- **DATA FOR ANALYSIS**:
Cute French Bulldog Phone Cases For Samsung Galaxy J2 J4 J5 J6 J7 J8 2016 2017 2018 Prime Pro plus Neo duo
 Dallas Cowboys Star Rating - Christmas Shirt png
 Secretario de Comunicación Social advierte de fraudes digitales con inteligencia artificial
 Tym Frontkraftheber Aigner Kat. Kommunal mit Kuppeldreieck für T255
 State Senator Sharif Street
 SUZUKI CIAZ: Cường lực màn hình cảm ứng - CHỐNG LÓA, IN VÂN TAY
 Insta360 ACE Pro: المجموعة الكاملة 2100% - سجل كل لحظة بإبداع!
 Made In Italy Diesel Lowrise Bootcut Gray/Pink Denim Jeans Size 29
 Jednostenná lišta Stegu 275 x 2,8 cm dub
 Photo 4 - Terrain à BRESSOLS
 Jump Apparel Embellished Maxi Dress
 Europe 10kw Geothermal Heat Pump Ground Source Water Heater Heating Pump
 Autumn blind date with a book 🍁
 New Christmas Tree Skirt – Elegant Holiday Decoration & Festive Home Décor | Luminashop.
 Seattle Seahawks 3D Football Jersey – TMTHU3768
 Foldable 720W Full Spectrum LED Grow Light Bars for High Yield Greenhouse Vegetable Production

- **WORK TASK**: Could you print the lines above, exactly as written, from the line containing "New Christmas Tree" through the final one?

- **YOUR RESPONSE**:
 New Christmas Tree Skirt – Elegant Holiday Decoration & Festive Home Décor | Luminashop.
 Seattle Seahawks 3D Football Jersey – TMTHU3768
 Foldable 720W Full Spectrum LED Grow Light Bars for High Yield Greenhouse Vegetable Production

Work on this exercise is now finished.